In FIG. 5D, the display interface shows the automatic placement of the wall 518 and the door 520 in the editable map (e.g., at step 130 in the method 120) after the user has completed tracing the untraced section. According to some embodiments, before the wall 518 and door 520 are finally placed in the editable map, the display interface 500 may display a prompt (not shown) to the user to confirm or modify the proposed placement of the feature (e.g., at step 132 in the method 120). Given that the editable map is superimposed on the base map, the user can quickly and easily confirm whether the proposed door placement in the editable map is actually a door in the base map.


Referring back to FIG. 2, at 132, the user may correct or modify the polygon object automatically placed in the editable map.


At 134, the editable map may be updated to show the modified polygon object depending on whether a modification was received at step 132. Following step 134, the method 120 cycles through steps 128, 130 (and in some cases steps 132 and 134) until all architectural features in the base map are traced and placed in the editable map.


At 136, the user inputs correcting or modifying the polygon objects at step 136 are fed back to the ML model (FIG. 8) to further train the neural network to automatically place polygon objects in the editable map correctly.


Referring to FIG. 2B shown therein is a method 140 for machine-assisted map editing.
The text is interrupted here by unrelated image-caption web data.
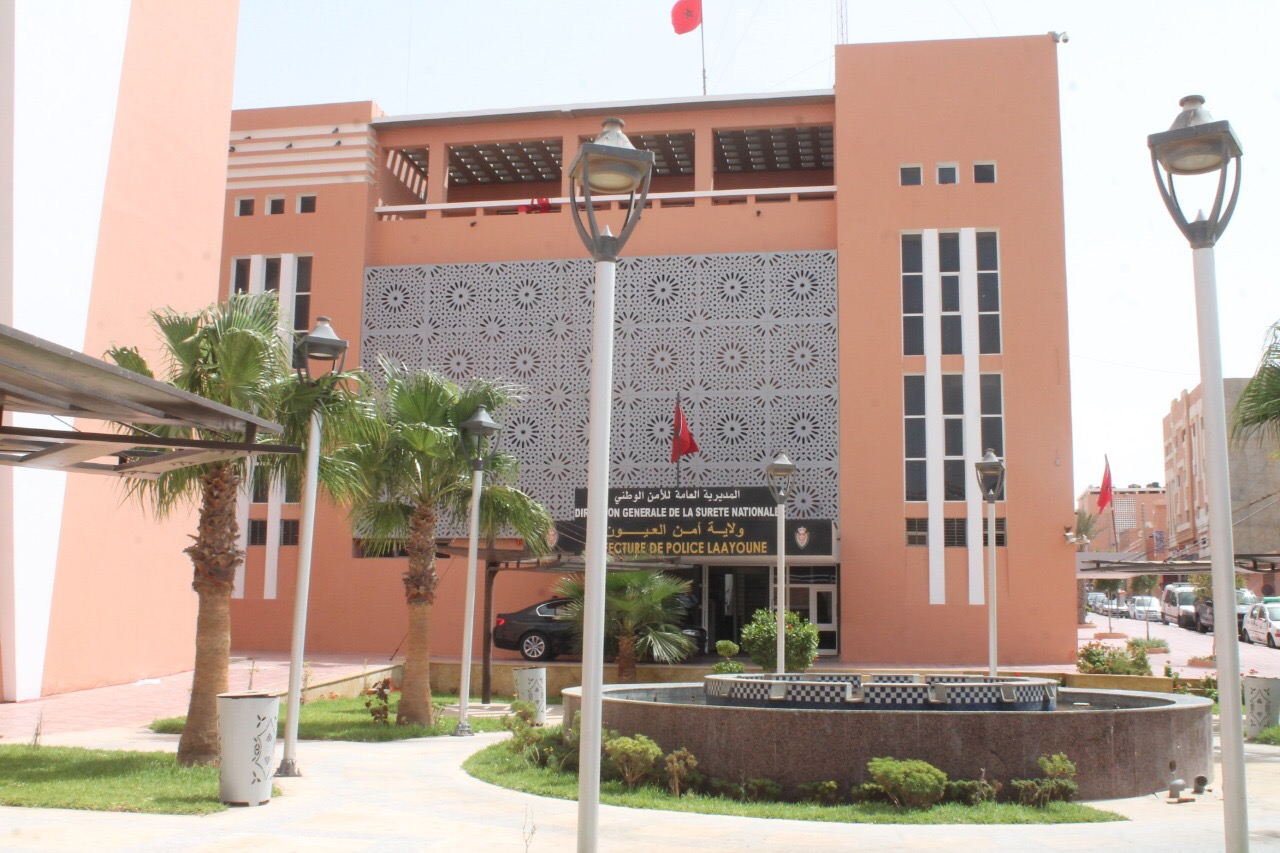 أمن العيون يلقي القبض على أربعة مبحوث عنهم أحدهم شخص غرر بقاصر..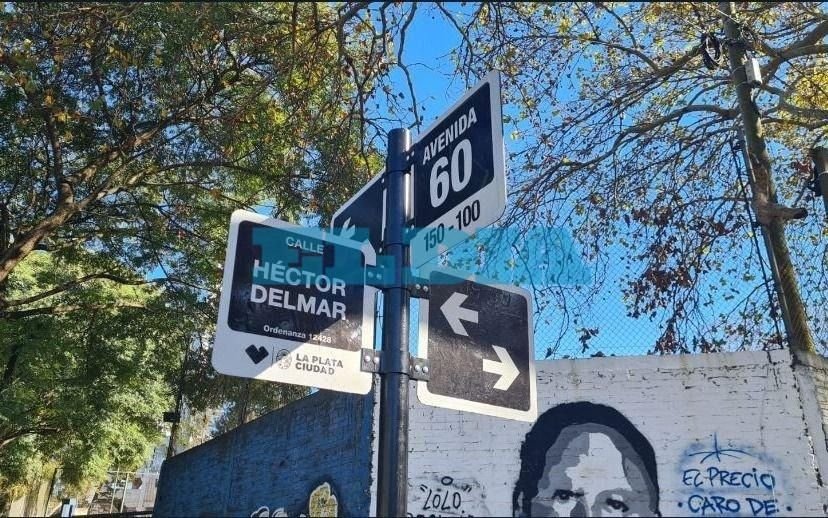 Homenajearon al ex presidente de Gimnasia, Héctor Atilio Delmar: la esquina de 118 y 60 lleva su nombre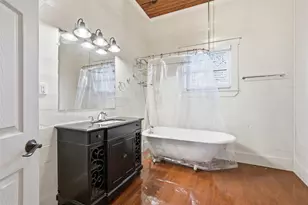 602 Cedar St, Lott, TX 76656 - Photo 7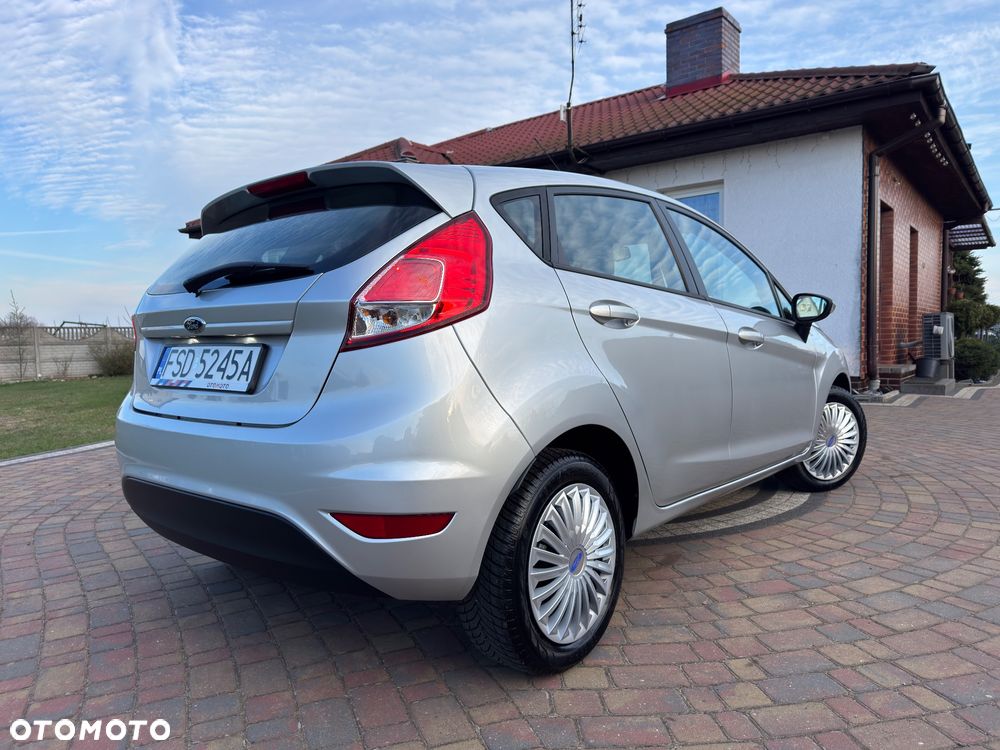 Ford Fiesta - 8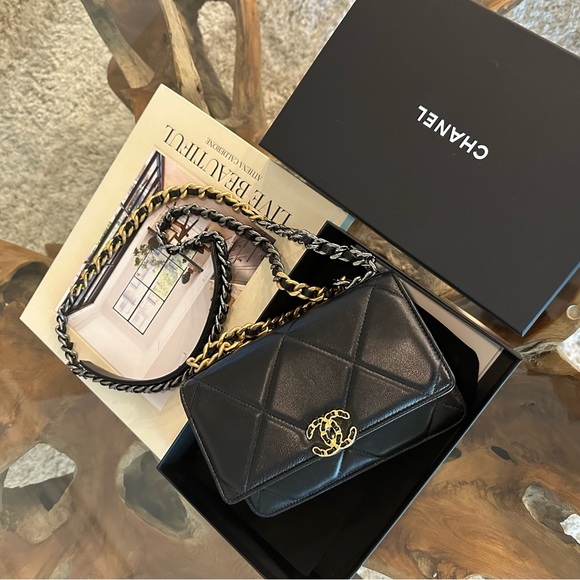 NEW Chanel19 wallet on chain - Picture 7 of 15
According to various embodiments the method 140 may be a continuation of the method 120 (FIG. 2A) or performed separately. Generally, the method 140 is only performed after all walls (e.g., wall 202 in FIG. 3) in the base map are traced and placed in the editable map. While the method 140 described below pertains to connections, it should be understood that the method 140 can be applied to furniture (desks, tables, etc.) and fixtures (e.g., sinks, toilets, etc.) by training a ML neural network to detect and classify those features.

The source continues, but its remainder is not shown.